例:共済金額計2,500万円(妻:500万円、子供A:1,000万円、子供B:1,000万円)の場合
①非課税限度額=1,500万円
※共済金の割合が、妻20%、子供それぞれ40%ずつになるので、非課税限度額も同じ割合で振り分けられます。

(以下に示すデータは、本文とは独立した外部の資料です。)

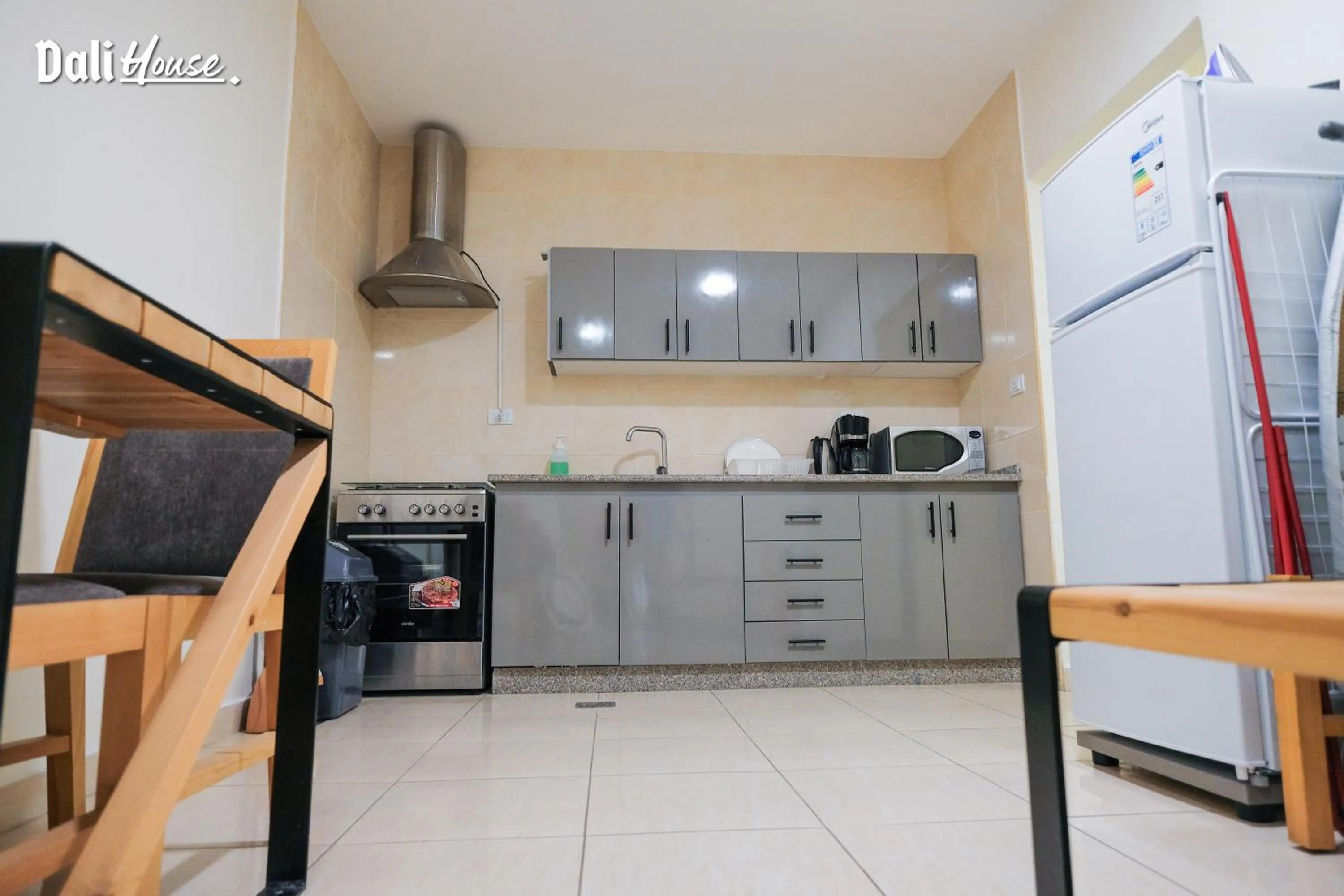 Kitchen or kitchenette in Dali House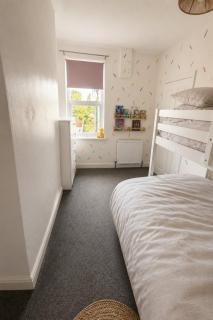 Cosy workers cottage in historic Dudley - 6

➡それぞれの非課税限度額=妻:300万円、子供A:600万円、子供B:600万円
②課税額=妻:500万円-300万円=200万円
子供それぞれ:1,000万円-600万円=400万円/人
以上の場合、妻の200万円、子供それぞれ400万円が課税の対象になります。
◎所得税・住民税
こちらも、民間保険と考え方は同じです。
【所得税・住民税計算方法と課税対象金額】
課税対象額={死亡共済金総額-当該共済期間の払込掛金-50万円(特別控除額)}×1/2
例:死亡共済金が2,500万円/支払った掛金が500万円
課税対象額=(2,500万円-500万円-50万円)×1/2=975万円
よって、この場合は受け取った2,500万円のうち975万円が課税対象となるのです。
◎贈与税
最後に、贈与税を見てみましょう。こちらも民間保険と考え方は同じとなります。
【課税対象金額計算方法】
課税対象金額=死亡共済金総額-110万円(基礎控除額)
例:死亡共済金総額が2,500万円の場合
課税対象金額=2,500万円-110万円=2,390万円
つまり、2,500万円の保険金のうち、なんと2,390万円も課税対象になってしまうわけですね。
まとめ
このように、民間保険と共済には大きく4つの違いがあることをお話しましたが、契約者・加入者である被保険者・被保障者が亡くなった際に受取人がもらう保険金や共済金、それにかかる税種や額の考え方は、違いがないことがわかります。
共済への加入を考えている方も、かかる税の事を念頭に置いた上で検討しましょう。